**Activity**: Count the lines below that contain the word "Vintage", and give only that number.

*** Opening Records supplied ***

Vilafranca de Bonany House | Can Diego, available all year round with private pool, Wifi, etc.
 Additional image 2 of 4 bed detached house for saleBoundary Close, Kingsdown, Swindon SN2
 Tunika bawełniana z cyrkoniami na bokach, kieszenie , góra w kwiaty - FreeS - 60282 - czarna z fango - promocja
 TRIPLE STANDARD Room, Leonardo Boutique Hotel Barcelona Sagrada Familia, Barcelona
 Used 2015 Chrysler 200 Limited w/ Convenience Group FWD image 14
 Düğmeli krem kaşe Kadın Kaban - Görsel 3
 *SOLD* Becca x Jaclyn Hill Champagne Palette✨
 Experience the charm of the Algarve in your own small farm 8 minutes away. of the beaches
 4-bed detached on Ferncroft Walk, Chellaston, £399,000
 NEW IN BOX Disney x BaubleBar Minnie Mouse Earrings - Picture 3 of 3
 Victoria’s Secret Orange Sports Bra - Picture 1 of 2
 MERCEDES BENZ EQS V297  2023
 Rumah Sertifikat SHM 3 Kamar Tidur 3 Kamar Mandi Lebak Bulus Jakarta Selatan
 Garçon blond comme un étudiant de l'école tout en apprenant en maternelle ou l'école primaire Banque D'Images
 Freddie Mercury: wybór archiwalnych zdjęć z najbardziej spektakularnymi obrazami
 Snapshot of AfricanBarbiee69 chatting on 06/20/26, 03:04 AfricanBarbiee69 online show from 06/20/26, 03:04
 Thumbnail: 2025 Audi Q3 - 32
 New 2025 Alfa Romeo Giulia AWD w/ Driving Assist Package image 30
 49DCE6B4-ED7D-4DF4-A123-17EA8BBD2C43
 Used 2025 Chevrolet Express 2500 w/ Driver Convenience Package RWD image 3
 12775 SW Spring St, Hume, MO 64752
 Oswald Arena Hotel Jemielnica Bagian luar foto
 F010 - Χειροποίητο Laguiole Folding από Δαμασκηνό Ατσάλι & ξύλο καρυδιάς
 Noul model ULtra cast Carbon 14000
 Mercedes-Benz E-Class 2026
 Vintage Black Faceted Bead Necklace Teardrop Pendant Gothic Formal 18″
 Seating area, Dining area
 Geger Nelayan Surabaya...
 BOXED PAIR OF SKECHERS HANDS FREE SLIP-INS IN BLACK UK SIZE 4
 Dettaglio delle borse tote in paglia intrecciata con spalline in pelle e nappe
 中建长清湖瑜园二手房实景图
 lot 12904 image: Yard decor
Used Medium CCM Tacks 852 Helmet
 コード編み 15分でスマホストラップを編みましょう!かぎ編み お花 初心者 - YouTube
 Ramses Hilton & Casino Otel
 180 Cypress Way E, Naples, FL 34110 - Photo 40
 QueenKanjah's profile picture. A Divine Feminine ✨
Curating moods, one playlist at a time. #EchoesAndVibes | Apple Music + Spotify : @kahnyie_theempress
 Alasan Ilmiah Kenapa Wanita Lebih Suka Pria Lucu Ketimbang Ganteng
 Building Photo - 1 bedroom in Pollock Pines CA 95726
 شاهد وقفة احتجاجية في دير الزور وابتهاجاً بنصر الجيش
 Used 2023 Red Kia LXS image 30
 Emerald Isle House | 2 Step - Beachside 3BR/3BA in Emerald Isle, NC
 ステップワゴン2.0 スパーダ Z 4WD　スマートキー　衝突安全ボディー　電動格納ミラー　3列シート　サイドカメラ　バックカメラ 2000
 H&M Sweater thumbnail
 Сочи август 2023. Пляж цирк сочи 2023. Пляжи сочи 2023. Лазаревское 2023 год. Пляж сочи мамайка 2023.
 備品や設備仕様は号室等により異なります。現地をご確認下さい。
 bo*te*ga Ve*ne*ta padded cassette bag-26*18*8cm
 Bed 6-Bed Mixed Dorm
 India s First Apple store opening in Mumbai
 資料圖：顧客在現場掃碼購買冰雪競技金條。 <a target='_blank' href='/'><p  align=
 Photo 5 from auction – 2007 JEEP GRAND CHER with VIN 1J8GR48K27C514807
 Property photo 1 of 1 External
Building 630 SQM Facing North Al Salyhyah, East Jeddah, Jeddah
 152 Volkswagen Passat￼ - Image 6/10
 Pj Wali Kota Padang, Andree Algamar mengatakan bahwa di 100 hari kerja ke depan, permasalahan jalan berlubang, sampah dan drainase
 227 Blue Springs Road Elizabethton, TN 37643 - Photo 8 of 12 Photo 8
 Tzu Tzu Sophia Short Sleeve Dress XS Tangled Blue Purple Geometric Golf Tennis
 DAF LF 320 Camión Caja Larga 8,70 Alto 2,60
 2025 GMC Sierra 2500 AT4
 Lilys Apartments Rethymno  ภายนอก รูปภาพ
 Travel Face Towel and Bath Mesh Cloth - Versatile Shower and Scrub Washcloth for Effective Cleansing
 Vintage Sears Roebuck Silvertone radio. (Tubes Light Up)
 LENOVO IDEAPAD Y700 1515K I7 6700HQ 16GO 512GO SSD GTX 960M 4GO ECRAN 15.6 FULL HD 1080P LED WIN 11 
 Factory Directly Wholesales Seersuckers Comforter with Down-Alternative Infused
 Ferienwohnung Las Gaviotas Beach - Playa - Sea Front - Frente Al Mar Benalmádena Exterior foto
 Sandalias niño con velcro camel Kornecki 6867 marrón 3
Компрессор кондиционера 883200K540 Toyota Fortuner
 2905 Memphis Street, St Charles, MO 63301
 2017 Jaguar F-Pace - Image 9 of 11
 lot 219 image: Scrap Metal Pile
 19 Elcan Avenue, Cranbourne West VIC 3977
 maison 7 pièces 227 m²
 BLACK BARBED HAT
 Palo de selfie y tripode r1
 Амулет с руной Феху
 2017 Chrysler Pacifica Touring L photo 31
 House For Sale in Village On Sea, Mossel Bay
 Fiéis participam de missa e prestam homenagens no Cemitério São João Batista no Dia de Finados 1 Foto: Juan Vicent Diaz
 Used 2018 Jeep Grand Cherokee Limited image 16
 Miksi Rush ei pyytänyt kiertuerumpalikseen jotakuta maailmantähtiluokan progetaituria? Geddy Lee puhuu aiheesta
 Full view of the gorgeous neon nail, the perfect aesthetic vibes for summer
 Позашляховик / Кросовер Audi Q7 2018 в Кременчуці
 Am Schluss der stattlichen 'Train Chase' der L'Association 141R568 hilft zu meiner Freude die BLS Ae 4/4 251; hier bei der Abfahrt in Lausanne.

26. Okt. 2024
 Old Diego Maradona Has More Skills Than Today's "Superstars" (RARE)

*** Closing Records supplied ***

**Reply**: 2